“They are advocating policies that are going to result in removing the ability of state and counties to manage their own elections,” Blackburn, R-Tenn., told Fox News Tuesday.
“One of the issues we have is the way local election officials have responded to this,” Blackburn explained. “The bill is taking away their ability to run those elections.”
“That is something you take as a very, very serious opportunity because it is your responsibility to be certain those rolls are cleaned up, be certain volunteers and poll workers and properly trained, that everyone knows the rules, and that ballots are counted and resulted and made available, and that it is all done in a transparent manner,” Blackburn said.
She added: “One person, one vote.
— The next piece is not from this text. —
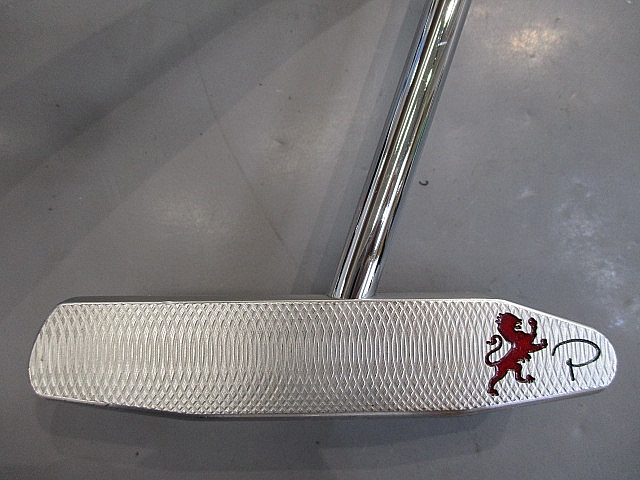 Piretti(ピレッティ) COTTONWOOD2(CW2) クラシック 303 CS パター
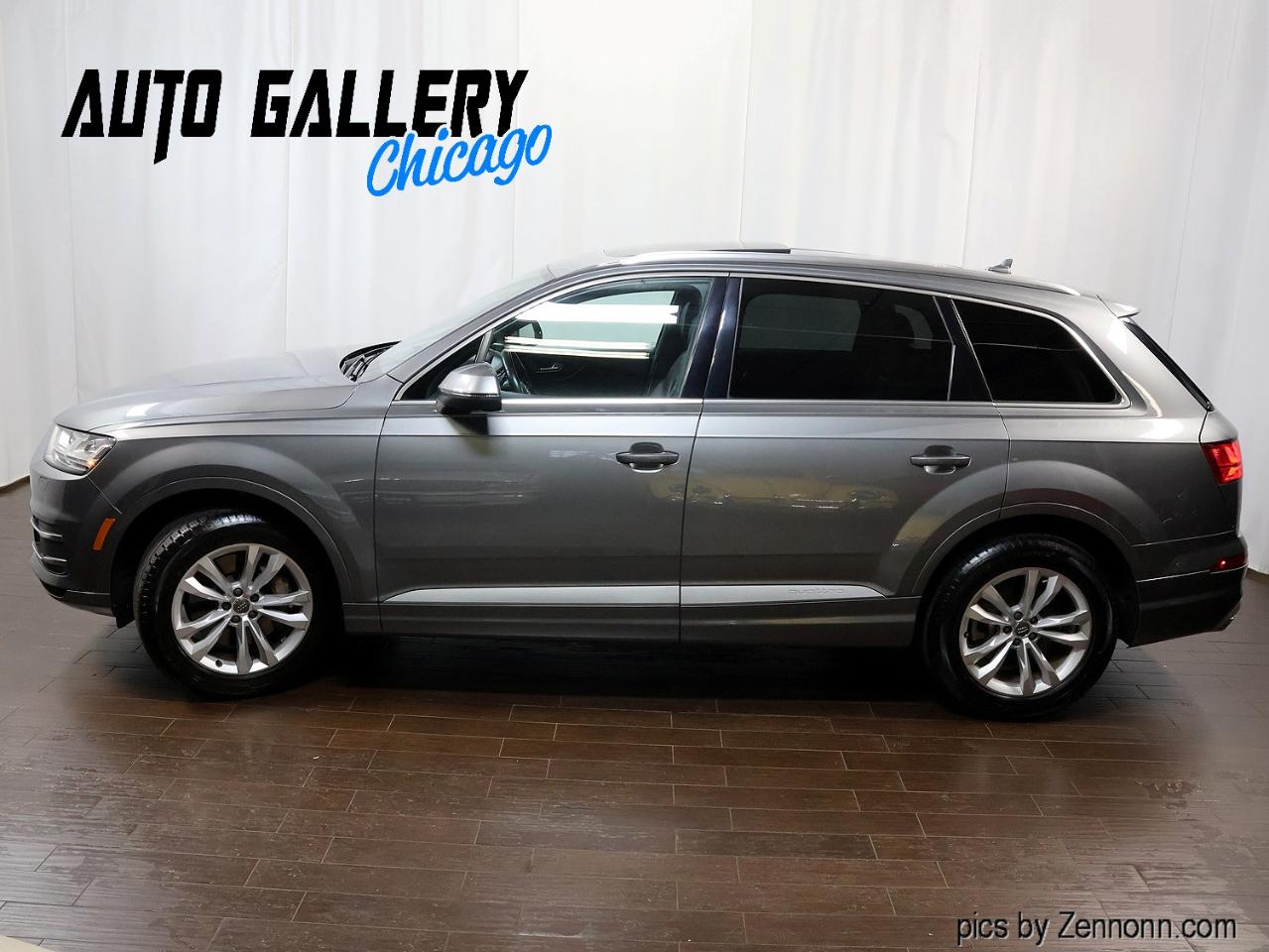 Audi Q7 2.0 TFSI Premium Plus 2017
Every legal vote to be counted. Those are the foundation for our electoral process.”
Blackburn noted that “the more people know about this bill, the less they like it.”
The For the People Act, also known as S.1, is the largest overhaul of U.S. election law in at least a generation and covers many aspects of the voting process, including requiring states to automatically register eligible voters and offer same-day voter registration.
The bill would massively expand the role of the federal government in how states run their elections. It also requires states to offer 15 days of early voting and allows no-excuse absentee balloting, which 14 states would have to implement. The states that already allow it would have to conform to S.1’s standards.
Sen. Joe Manchin, D-W.Va., a moderate Democrat, said over the weekend he would vote against his colleagues on the legislation, calling the measure too partisan.
“It’s the wrong piece of legislation to bring our country together and unite our country, and I’m not supporting that because I think it would divide us more. I don’t want to be in a country that’s divided any further,” Manchin said on “Fox News Sunday.”
Manchin and Sen. Kyrsten Sinema, D-Ariz., another moderate Democrat, are facing pressure to support the voting reform bill.
The House of Representatives passed the House version of the legislation, H.R. 1, in March by a vote of 220 to 210. No Republicans joined with Democrats in approving the sweeping voter rights reform.